2020: A year in review
It seems almost trite to now say that 2020 has been a year like no other. It’s been a year of rolling with the punches, with each of us still learning to manage and adapt in the best way we know how. COVID alone has forced organizations to do away with well thought-out product roadmaps and rethink survival. Instead of keeping up with emerging technologies, we find ourselves asking, “What do we need in order to survive, and what exactly can we afford NOT to do?”
Highly experimental projects have given way to more promising bets, compressing what would have otherwise been years of experimentation down to months. And market dynamics have forced leaders to re-evaluate trade-offs between near term and long-term investments with a new sense of urgency.
91% of 520 global executives surveyed by the Harvard Business Review said that their organizations changed their operating models over the past ten months, confirming that a successful digital transformation requires innovation at both enterprise and at business process levels.
The need for continuous adaptation drives the need to innovate in rapid development cycles—an option traditionally not offered in the field of data science, where agility gives way to lengthy and expensive R&D projects with high levels of uncertainty. It shouldn’t come as a surprise that 87% of data science projects never make it into production.
How is Zorroa enabling organizations to adapt?
In 2020, we’ve begun to see the emergence of “Dual Track Transformation,” defined as the organization’s ability to concurrently execute long-term transitions and real-time process innovations. As media technologists who set out to disrupt the way AI and machine learning is being integrated into today’s software, the 2020 shift drove our Zorroa team to spend the year building a solution that breaks down barriers to AI/ML adoption.
Enter no-code machine learning.
Zorroa’s no-code ML-integration platform does three things to modernize the digital media supply chain.
- Kick off machine learning projects in under an hour: Customers are able to stand up machine learning projects and see results in a matter of hours, accelerating time to their first POC.
- Support interoperability: In lieu of siloed workflows and disparate tech stacks, Zorroa customers get direct access to the ML API ecosystem that includes Google, AWS, and Azure, and a better way to integrate ML-generated metadata into their content management and production tools..

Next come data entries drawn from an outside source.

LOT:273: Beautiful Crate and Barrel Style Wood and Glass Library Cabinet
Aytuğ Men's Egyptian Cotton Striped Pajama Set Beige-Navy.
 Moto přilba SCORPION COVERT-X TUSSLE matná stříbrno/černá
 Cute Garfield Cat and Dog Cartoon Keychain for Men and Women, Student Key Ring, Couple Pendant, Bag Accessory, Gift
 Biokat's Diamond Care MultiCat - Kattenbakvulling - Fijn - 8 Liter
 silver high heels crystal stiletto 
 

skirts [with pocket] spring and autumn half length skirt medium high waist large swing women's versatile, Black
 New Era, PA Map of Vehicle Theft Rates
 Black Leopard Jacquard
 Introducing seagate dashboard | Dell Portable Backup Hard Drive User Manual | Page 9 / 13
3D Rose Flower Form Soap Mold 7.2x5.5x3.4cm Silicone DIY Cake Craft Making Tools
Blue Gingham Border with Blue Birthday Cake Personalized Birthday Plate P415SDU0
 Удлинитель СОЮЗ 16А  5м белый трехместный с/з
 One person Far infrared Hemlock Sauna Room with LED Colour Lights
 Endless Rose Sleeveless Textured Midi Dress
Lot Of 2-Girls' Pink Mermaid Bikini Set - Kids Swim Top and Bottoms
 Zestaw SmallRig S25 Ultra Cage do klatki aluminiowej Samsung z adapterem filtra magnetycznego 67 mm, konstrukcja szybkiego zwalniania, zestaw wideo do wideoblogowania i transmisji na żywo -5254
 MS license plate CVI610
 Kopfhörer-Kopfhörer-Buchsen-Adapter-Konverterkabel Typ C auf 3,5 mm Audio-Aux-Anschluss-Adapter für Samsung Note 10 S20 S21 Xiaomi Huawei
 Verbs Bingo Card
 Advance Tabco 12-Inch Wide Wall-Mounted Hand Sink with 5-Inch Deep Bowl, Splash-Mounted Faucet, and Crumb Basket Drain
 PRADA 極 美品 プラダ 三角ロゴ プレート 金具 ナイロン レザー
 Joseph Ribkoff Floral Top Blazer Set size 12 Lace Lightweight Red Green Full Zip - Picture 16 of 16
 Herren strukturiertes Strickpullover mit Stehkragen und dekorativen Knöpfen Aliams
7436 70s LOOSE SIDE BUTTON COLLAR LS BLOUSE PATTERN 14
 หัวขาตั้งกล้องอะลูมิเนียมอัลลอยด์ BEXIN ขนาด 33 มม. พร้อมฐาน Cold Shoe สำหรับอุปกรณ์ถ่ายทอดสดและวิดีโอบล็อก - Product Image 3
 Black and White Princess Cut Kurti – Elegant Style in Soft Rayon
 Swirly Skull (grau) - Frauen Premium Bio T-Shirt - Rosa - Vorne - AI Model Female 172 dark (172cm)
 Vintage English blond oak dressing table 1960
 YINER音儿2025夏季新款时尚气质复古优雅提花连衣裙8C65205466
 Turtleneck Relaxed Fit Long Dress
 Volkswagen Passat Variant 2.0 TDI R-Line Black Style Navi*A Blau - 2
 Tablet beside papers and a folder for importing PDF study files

- Scale rapid-cycle innovations with no-code ML: ML projects, even when using off-the-shelf ML APIs, are complex and unpredictable, requiring 10-12 months of development time and half a dozen engineers. Every click in Zorroa’s UI eliminates months of development and arms engineering teams with the tools they need to build ML-powered applications without the ML domain expertise.
So what exactly did we build?
In 2020, we adapted our ways to meet the market where it is, delivering the type of ML solutions that enable quick experimentation with a suite of ML APIs like label and face detection, OCR, speech detection, or content moderation. Instead of the start-from-the-ground, bespoke solutions that fall under the bold bets category, Zorroa unlocks the potential of machine learning APIs by enabling customers to use a combination of APIs from any supported vendor in order to run agile ML experiments and scale their innovation projects.
Together in 2020, we have released:
- Launch of our first fully GUI-driven, SaaS platform
- Support for Google Cloud Platform, AWS, and Azure
- Addition of a dozen new ML modules
- Support for custom model training
- Data visualization UI
- Faceted metadata search
- Job queue management and error handling
- Time-based metadata for improved discovery
- Release of Scrounger, Zorroa’s open source content search application
- Open source plugin integration for third party content management and production tools like Adobe Premiere
- External ISE Security Audit
- The new Zorroa website
And in 2020, we welcomed our first set of customers to the new SaaS platform. We are very grateful for our talented team and our amazing customers who have come on this journey with us as we continue to explore uncharted territories within AI and machine learning!